Monday, December 01, 2014

22. Tales from Earthsea by Ursula K. LeGuin

Which book blogger has read and posted about women authors in four of his last six reads? This guy!  Okay, that was bad, but I do give myself a small pat on the back for trying to expand my horizon out of my cozy nerdy boys' club of masculine genre fiction and succeeding somewhat (by reading cozy nerdy feminine genre fiction).  Tales of Earthsea is 5 longish stories that fill out either the history or some parts of the world set out in the original trilogy.  I didn't make an effort to place these stories into the overall context of that trilogy, since I had forgotten all those details, but as I read them, bits and pieces came back to me.  The stories here are nice because most of them are very local, going into characters and locations with the richness that LeGuin is good at and avoiding the more fable-like remote telling that made the third book in the trilogy, The Farthest Shore, unsatisfying for me.  There is also a history at the end, which I think the attuned reader would find invaluable.
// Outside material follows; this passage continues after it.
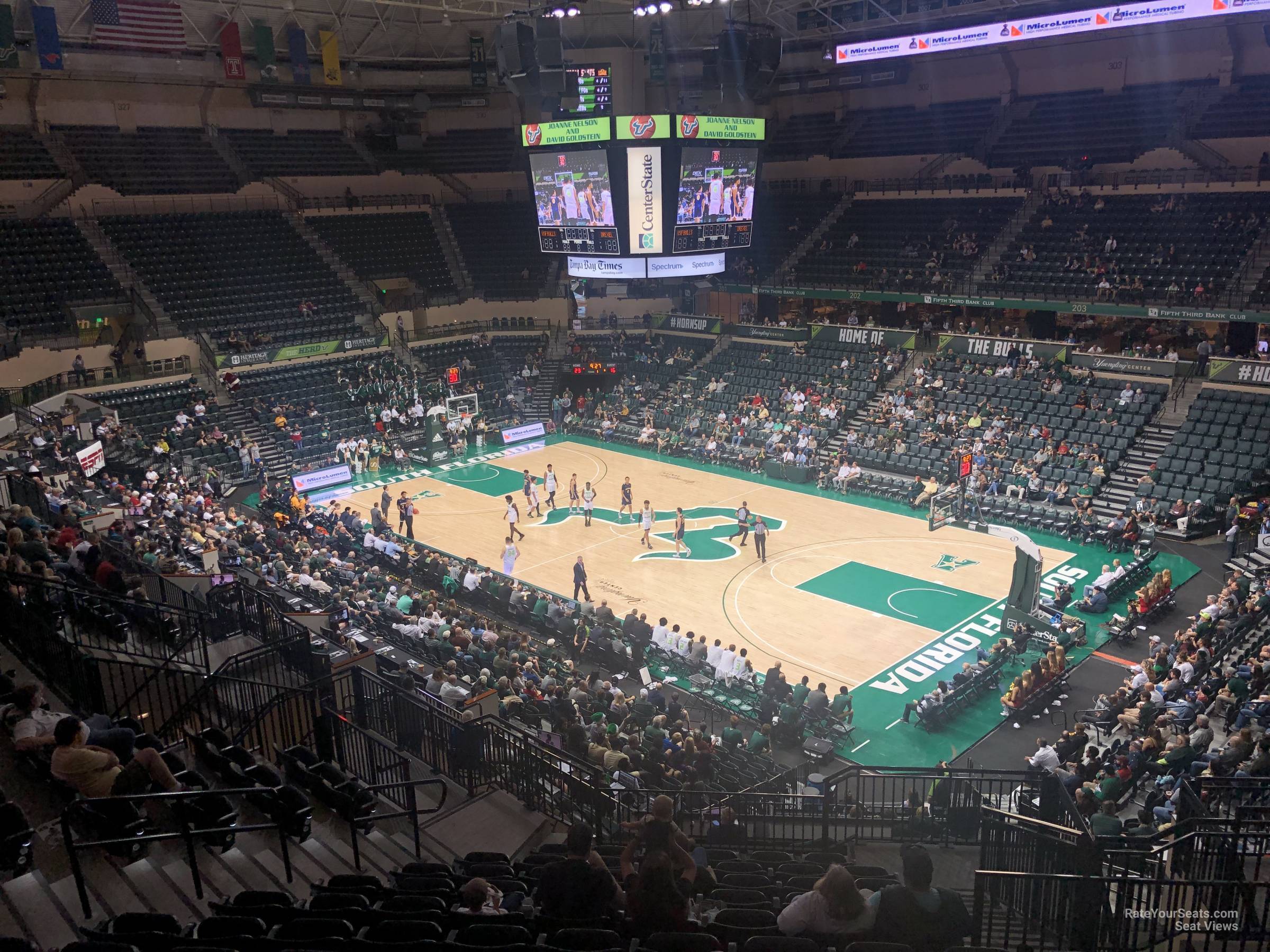 section 211, row z seat view  - yuengling center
An enjoyable read, but it was the forward that I found the most stimulating.  As is my practice, I went back and read it after I had finished the book and it is there that I was reminded of LeGuin's genius, not just as a fictional writer, but also as a very active and critical social thinker.  This little essay just rips apart the commodification of science fiction and fantasy.  She goes after the world of completists, collectors and the producers who churn stuff out because it satisfies a certain consumer need.  Her attacks are broad and structural, but I almost suspect that George Martin might have been one of the producers she had in mind here.

So people turn to fantasy for stability, ancient truths, immutable simplicities.
And the mills of capitalism provide them. Supply meets demand. Fantasy becomes a commodity; an industry.
Commodified fantasy takes no risks; it invents nothing, but imitates and trivializes. It proceeds by depriving the old stories of their intellectual and ethical complexity, turning their action to violence their actors to dolls, and their truth-telling to sentimental platitude. Heroes brandish their swords, lasers, wands as mechanically as combine harvesters, reaping profits. Profoundly disturbing moral choices are sanitized, made cute, made safe. The passionately conceived ideas of the great story-tellers are copied, stereotyped, reduced to toys, molded in bright-colored plastic, advertised, sold, broken, junked, replaceable and interchangeable.